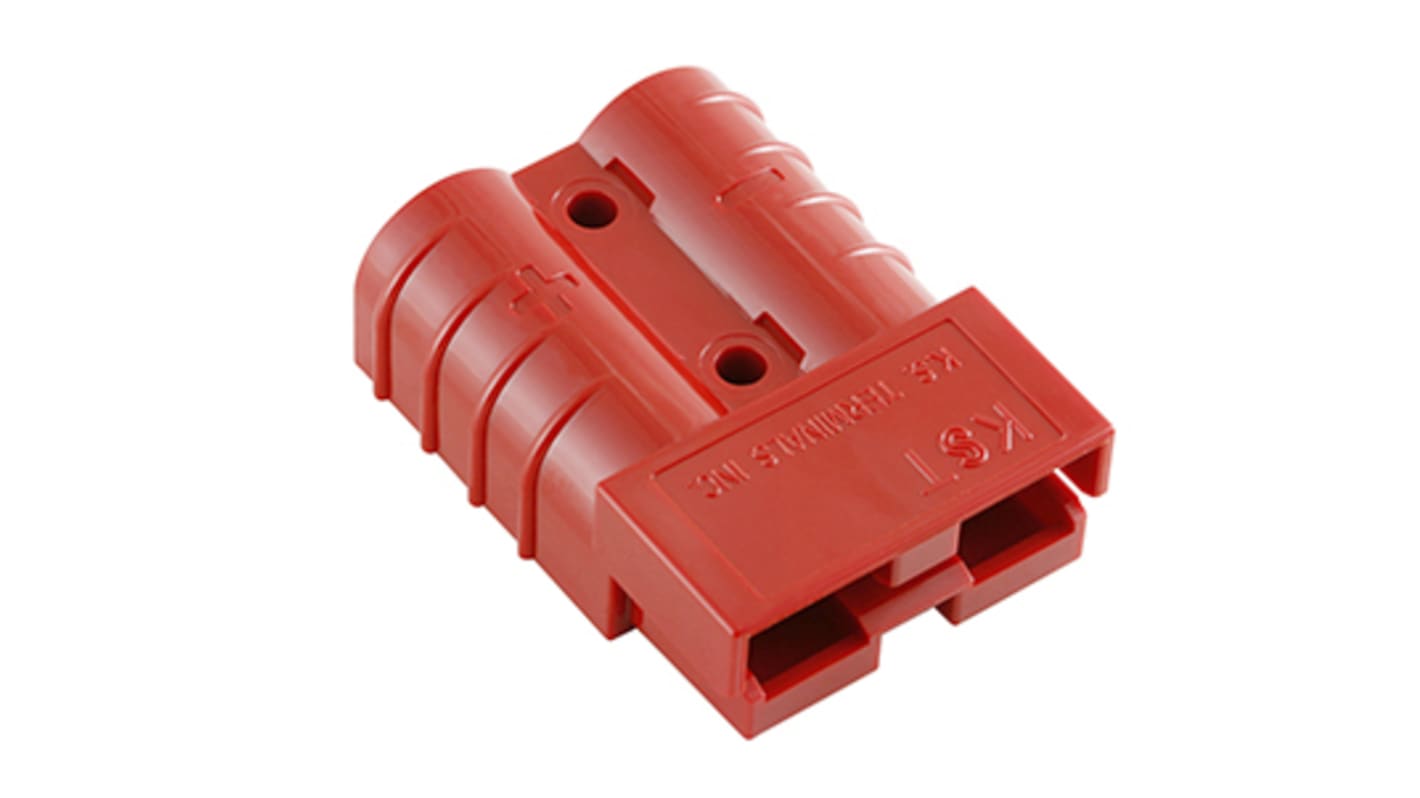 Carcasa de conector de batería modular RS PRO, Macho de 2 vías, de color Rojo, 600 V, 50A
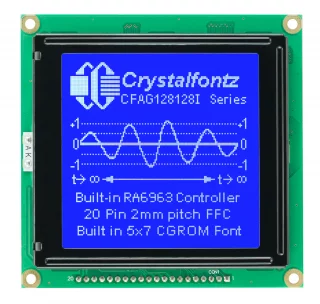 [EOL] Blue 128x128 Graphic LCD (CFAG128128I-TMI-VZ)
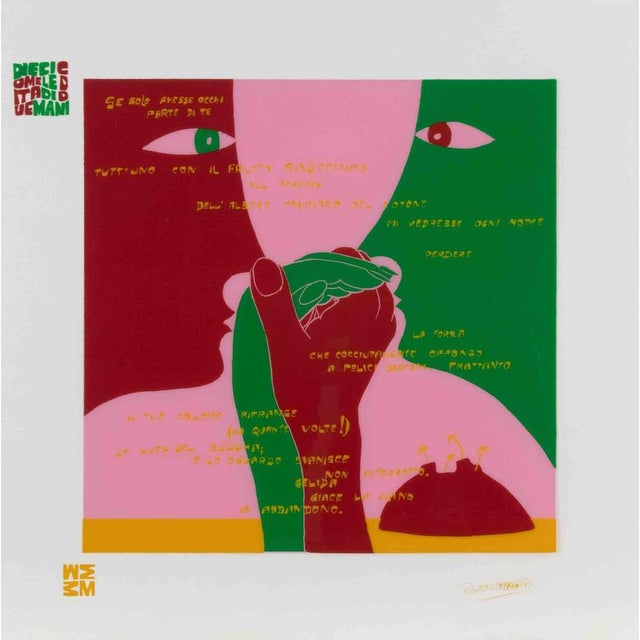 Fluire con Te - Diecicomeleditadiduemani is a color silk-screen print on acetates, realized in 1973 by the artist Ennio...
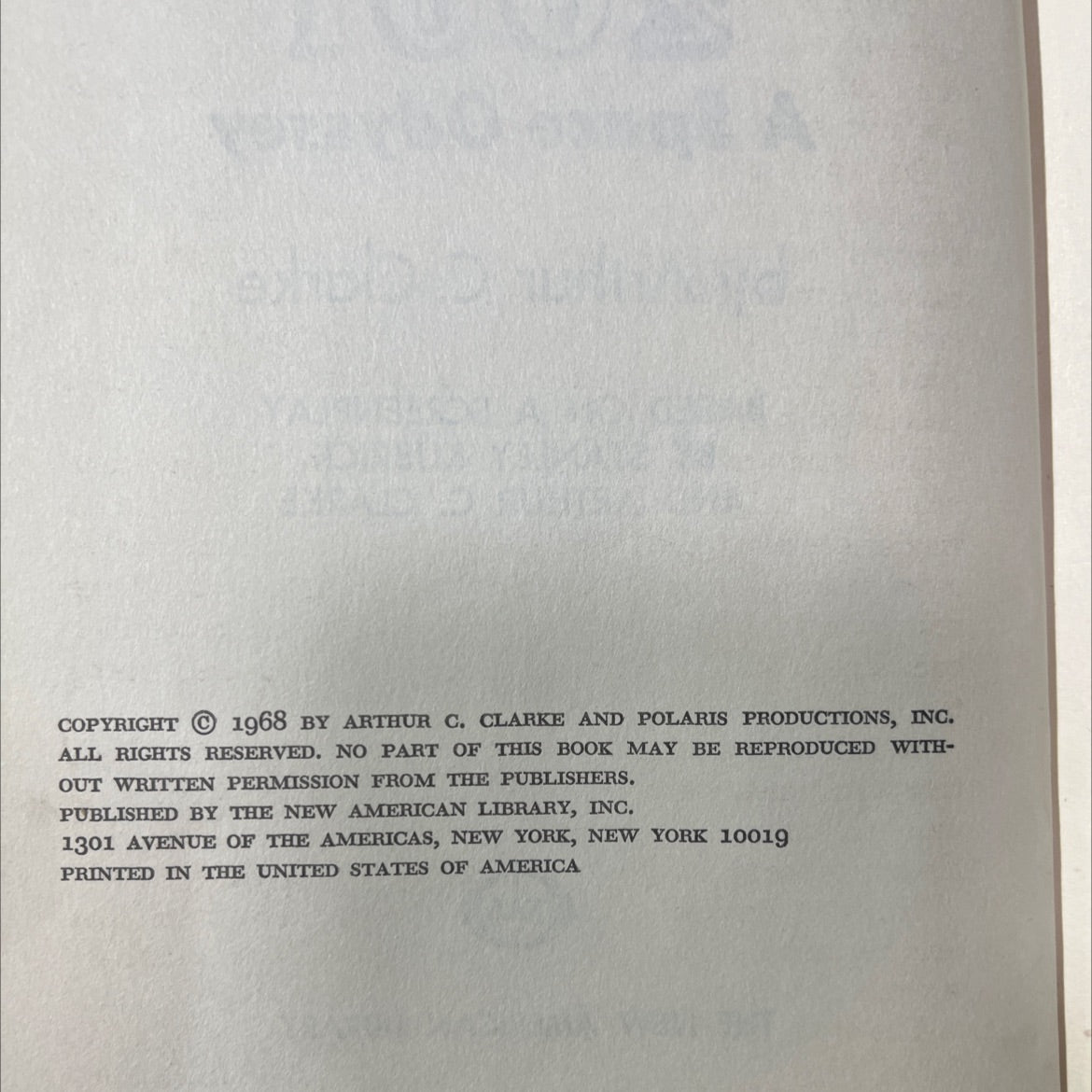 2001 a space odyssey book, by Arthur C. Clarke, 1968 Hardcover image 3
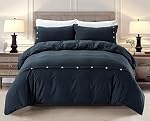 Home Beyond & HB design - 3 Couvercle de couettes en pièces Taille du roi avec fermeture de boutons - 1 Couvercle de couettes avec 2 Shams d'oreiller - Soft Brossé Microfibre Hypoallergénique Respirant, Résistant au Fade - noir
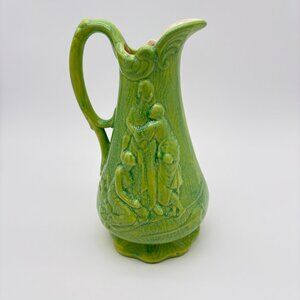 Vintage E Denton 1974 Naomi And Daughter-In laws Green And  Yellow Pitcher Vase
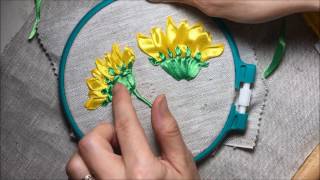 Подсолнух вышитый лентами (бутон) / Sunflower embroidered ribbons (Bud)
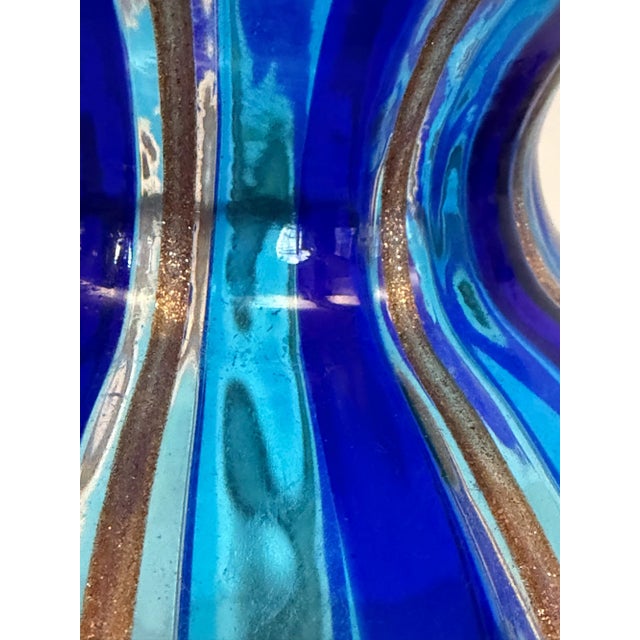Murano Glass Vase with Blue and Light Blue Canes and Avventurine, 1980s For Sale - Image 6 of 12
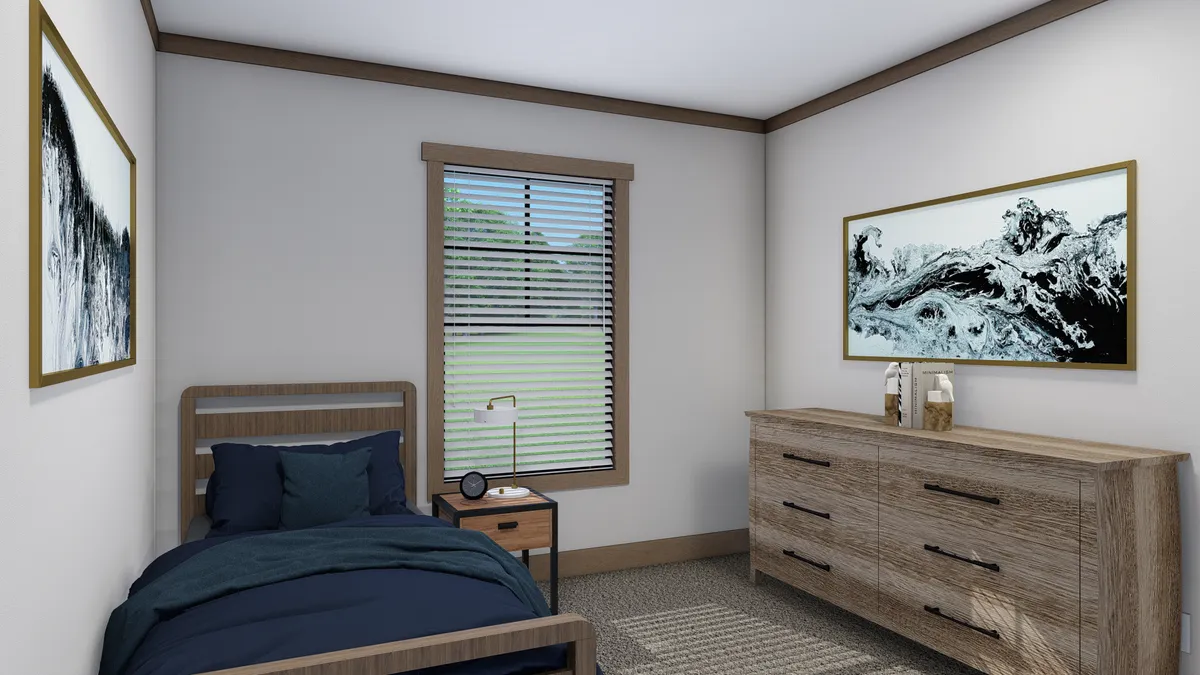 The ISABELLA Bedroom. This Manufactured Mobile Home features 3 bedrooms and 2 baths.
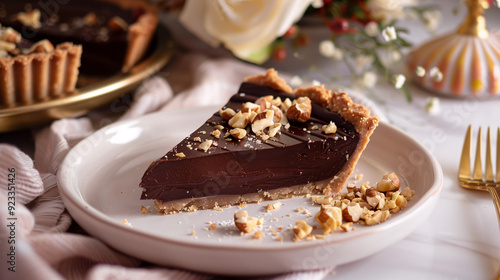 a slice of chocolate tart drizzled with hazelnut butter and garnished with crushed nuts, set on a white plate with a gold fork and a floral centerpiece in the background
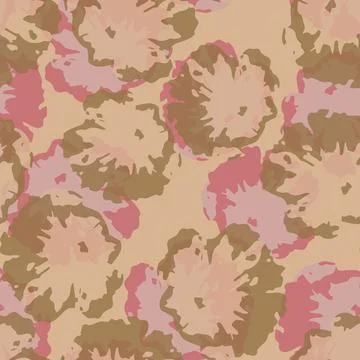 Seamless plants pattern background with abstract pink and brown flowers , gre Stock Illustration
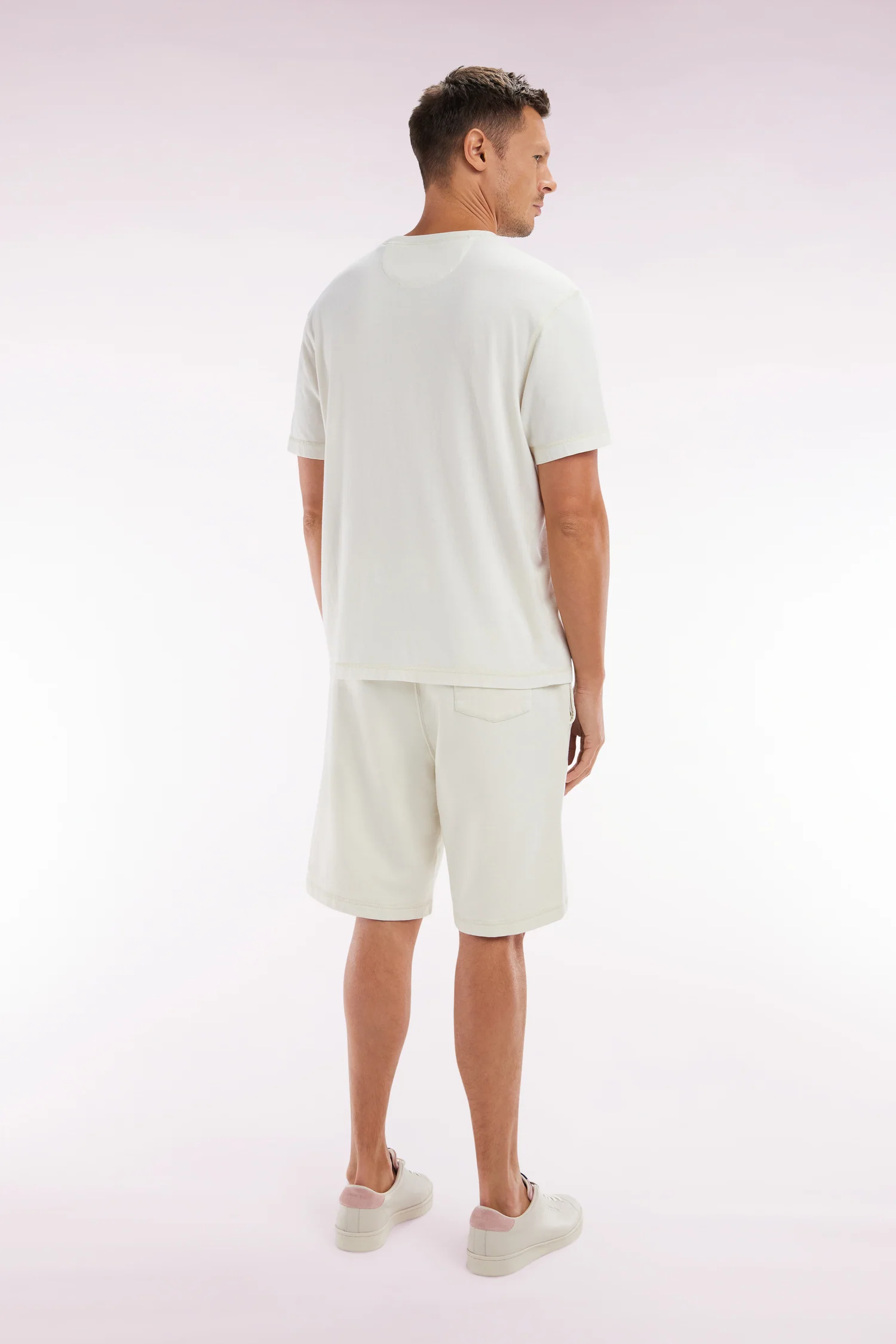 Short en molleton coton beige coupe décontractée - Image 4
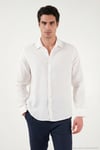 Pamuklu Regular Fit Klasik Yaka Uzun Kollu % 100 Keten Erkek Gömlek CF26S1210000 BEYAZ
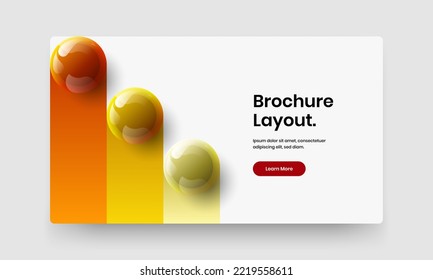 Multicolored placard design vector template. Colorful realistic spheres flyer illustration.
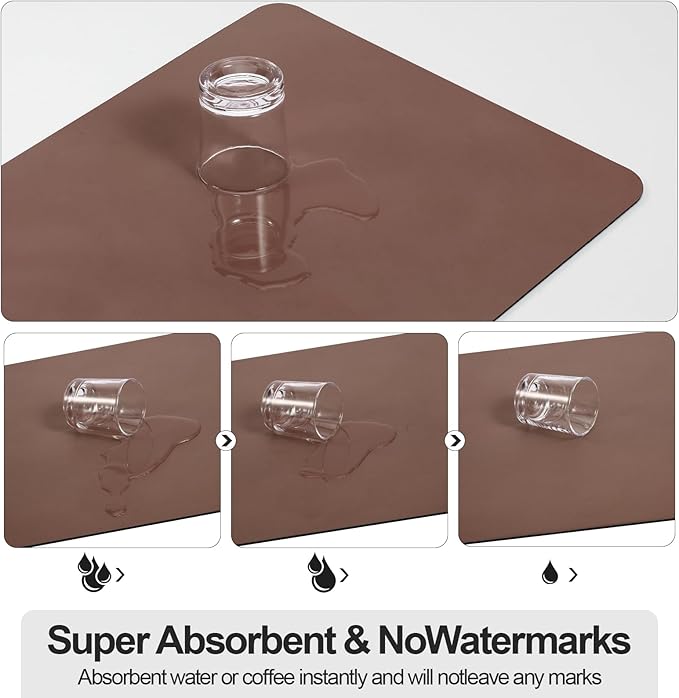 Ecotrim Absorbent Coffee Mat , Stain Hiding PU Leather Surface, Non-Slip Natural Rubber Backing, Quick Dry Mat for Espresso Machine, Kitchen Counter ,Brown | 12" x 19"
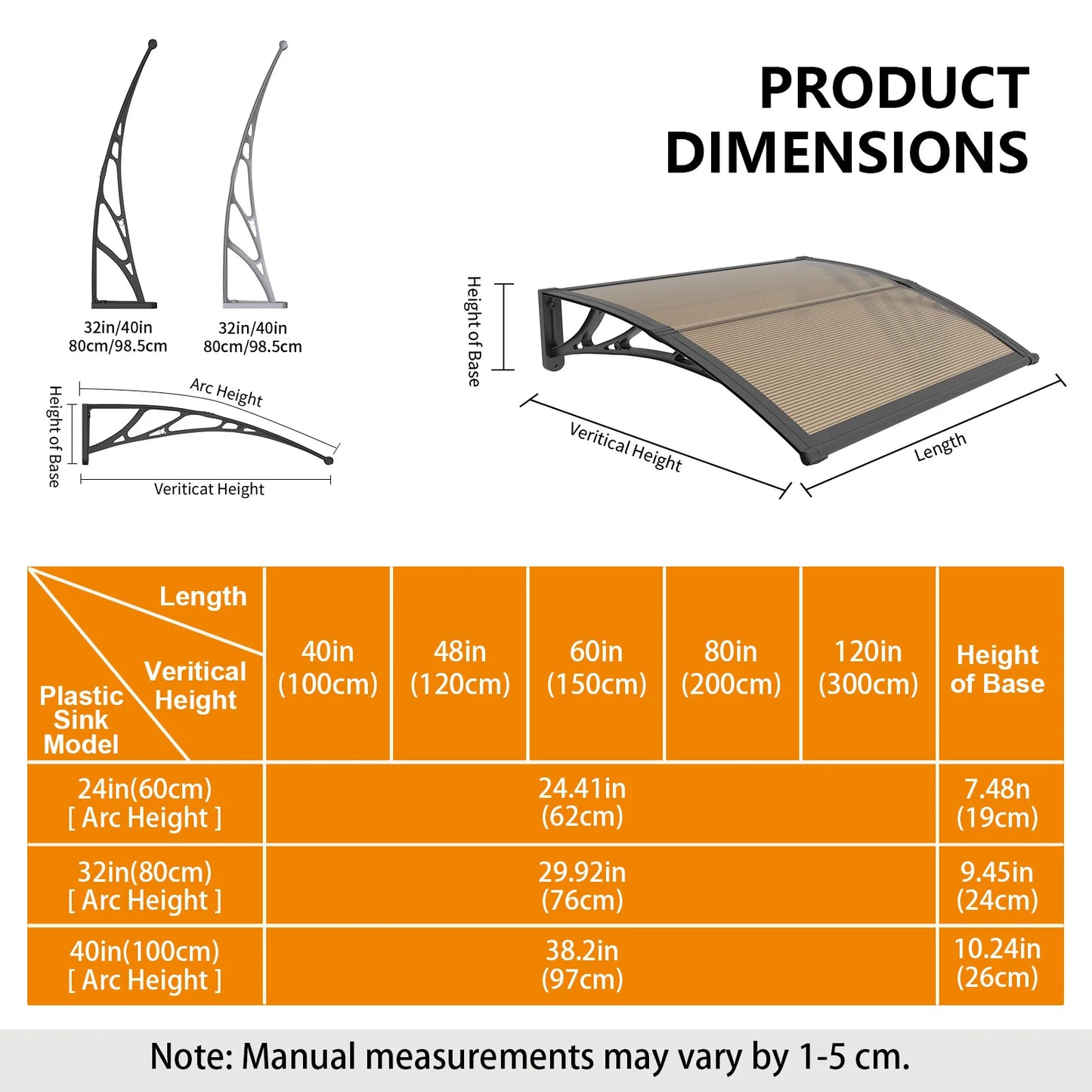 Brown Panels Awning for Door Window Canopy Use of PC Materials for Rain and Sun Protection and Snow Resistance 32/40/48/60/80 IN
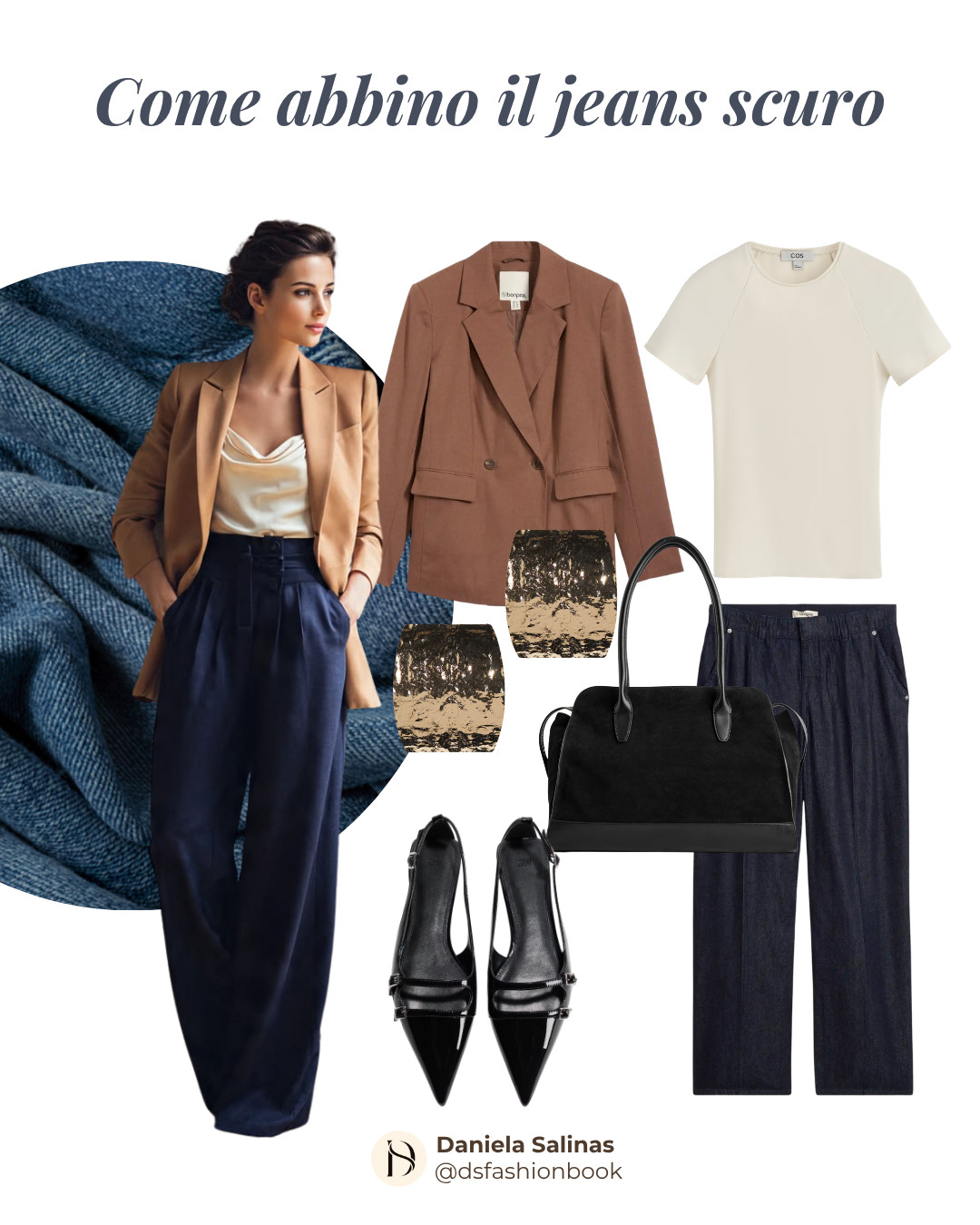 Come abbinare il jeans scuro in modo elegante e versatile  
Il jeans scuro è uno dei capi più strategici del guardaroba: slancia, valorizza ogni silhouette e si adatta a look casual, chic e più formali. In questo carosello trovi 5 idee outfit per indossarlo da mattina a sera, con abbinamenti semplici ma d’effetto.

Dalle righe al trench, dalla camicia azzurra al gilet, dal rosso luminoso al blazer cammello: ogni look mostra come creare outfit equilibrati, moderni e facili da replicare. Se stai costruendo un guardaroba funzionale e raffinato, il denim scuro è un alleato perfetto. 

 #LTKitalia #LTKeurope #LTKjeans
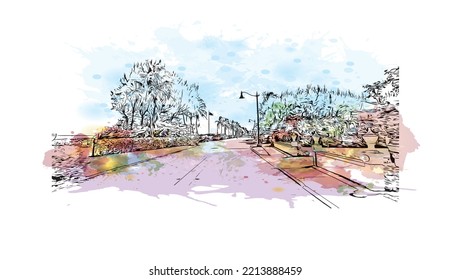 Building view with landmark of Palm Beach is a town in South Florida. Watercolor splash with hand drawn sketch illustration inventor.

====================

● **EXERCISE AIM**: After locating "Подсолнух вышитый лентами" and "Come abbinare il" in the records above, return exactly the line holding each one and every line between them; leave out the pictures.

● **SOLUTION FOR THIS EXERCISE**:
 Подсолнух вышитый лентами (бутон) / Sunflower embroidered ribbons (Bud)
Murano Glass Vase with Blue and Light Blue Canes and Avventurine, 1980s For Sale - Image 6 of 12
 The ISABELLA Bedroom. This Manufactured Mobile Home features 3 bedrooms and 2 baths.
 a slice of chocolate tart drizzled with hazelnut butter and garnished with crushed nuts, set on a white plate with a gold fork and a floral centerpiece in the background
 Seamless plants pattern background with abstract pink and brown flowers , gre Stock Illustration
 Short en molleton coton beige coupe décontractée - Image 4
 Pamuklu Regular Fit Klasik Yaka Uzun Kollu % 100 Keten Erkek Gömlek CF26S1210000 BEYAZ
 Multicolored placard design vector template. Colorful realistic spheres flyer illustration.
 Ecotrim Absorbent Coffee Mat , Stain Hiding PU Leather Surface, Non-Slip Natural Rubber Backing, Quick Dry Mat for Espresso Machine, Kitchen Counter ,Brown | 12" x 19"
 Brown Panels Awning for Door Window Canopy Use of PC Materials for Rain and Sun Protection and Snow Resistance 32/40/48/60/80 IN
 Come abbinare il jeans scuro in modo elegante e versatile  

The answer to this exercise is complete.